For Wednesday, you should read Pollack’s Fractals, an article from Discover Magazine about the math underlying Jackson Pollack’s famous paintings. For some interesting follow-up reading, check out this article from the New York Times about the use of fractal analysis to examine the authenticity of supposed Pollack paintings and this article from the Science Daily blog suggesting that such an analysis is not scientifically valid.
We finished our discussion of the first dimension calculation practice sheet with an observation that the S^d = N definition for dimension has some weaknesses, primarily:
- What do you do with fractals with non-iterating stems (e.g., 2 and 13)?
- What if the fractal is not exactly self-similar (like 5)?
- What if it is self-similar, but at differing scales (like 15)?
We will continue to work on our definition of dimension to accommodate these issues. You have also been issued a challenge: use what you’ve learned from the S^d=N definition to design a fractal with a dimension of exactly 1.5. Think about this as you read Gould’s essay Size and Shape.
We spent the rest of the period working on our FractaSketch designs.
We started class with a writing prompt based on Haldane’s On Being the Right Size, a response to the meme “Would you rather fight one horse-sized duck or 100 duck-sized horses?” The horse-sized duck won the argument, as an application of the central takeaway from Haldane’s article is that artificially scaling a duck up to the size of a horse would increase its weight exponentially faster than its strength could accommodate, resulting in a duck incapable of walking around, let alone flight. We followed this up with a relevant Kurzgesagt (In a Nutshell) video: What Happens if we Throw and Elephant From a Skyscraper (as promised, the follow up — How to Make an Elephant Explode — can be found here).

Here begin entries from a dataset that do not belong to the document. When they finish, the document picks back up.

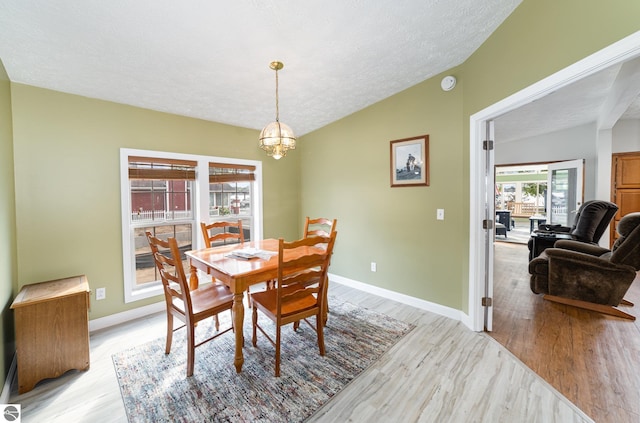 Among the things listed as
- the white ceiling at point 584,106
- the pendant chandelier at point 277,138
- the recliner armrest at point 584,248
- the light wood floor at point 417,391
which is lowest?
the light wood floor at point 417,391

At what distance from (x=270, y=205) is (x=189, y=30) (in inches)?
101

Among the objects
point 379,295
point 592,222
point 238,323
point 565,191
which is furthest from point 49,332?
point 565,191

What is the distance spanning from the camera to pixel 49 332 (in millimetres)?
1838

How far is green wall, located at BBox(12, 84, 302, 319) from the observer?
220 centimetres

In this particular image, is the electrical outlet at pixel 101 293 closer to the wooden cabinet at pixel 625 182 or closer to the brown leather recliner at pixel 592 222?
the brown leather recliner at pixel 592 222

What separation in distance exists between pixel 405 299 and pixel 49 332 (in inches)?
131

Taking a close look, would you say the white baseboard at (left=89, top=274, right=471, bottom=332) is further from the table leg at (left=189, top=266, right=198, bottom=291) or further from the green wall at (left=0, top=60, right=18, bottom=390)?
the table leg at (left=189, top=266, right=198, bottom=291)

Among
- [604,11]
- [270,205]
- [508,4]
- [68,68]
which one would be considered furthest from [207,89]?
[604,11]

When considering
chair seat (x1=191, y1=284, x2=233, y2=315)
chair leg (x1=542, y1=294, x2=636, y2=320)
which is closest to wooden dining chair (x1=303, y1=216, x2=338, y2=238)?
chair seat (x1=191, y1=284, x2=233, y2=315)

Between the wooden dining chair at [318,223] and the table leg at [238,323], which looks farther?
the wooden dining chair at [318,223]

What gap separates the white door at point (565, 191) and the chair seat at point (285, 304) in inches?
245

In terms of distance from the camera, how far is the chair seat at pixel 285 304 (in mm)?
1941

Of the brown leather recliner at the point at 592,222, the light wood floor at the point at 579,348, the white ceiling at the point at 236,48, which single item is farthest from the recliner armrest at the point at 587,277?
the white ceiling at the point at 236,48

In the second half of the period, we continued our discussion of the dimension of the various fractals found on our first dimension practice sheet. We found that one of the templates was a cleverly disguised version of the Sierpinski Carpet, and that another–Sierpinski’s Pyramid–has the interesting property of being simultaneously defined as having 1, 2, or 3 dimensions, depending on what type of dimension you use.
Tomorrow, we go back to the computer lab to work on our fractal designs. By Monday, read Size and Shape, paleontologist and evolutionary biologist Stephen Jay Gould‘s follow up to Haldane’s essay. If Gould’s name sounds familiar, it’s because he co-developed the idea of (and coined the term for) punctuated equilibrium, a theory of evolution.

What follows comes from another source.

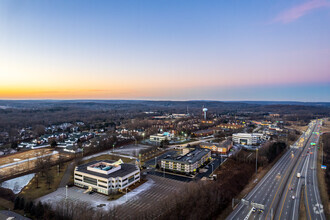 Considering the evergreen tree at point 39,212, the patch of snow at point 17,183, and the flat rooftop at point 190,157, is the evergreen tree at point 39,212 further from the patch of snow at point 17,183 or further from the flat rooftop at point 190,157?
the flat rooftop at point 190,157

We discussed the article Ants in Labyrinths, then did some more practice with finding dimension of a variety of fractals. Some of the designs were templates, but some of them were “completed” fractals, which prompted us to discuss how to recreate the template from these designs. We have also already observed that the S^d = N definition for dimension may not be sufficient!
We’ll have some more time to work in the lab tomorrow, and for Thursday you should read On Being the Right Size, an essay written by biologist JBS Haldane in 1926.

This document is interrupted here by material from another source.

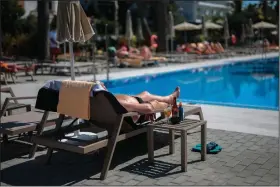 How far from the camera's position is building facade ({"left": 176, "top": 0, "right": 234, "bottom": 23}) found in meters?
48.7

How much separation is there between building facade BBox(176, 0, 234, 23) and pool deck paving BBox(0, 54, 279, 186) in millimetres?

We spent the day working on our FractaSketch designs. By tomorrow, please read the passage Ants in Labyrinths, from Ivars Peterson’s The Mathematical Tourist. As usual, make a note of questions you have and passages you think are significant.
We practiced finding dimension with our new definition for a few additional fractals, including seeing a surprising result with the Dragon Curve, then spent the remaining time working on our fractal designs in lab.
This weekend, please read the passage Ants in Labyrinths, from Ivars Peterson’s The Mathematical Tourist. As usual, make a note of questions you have and passages you think are significant.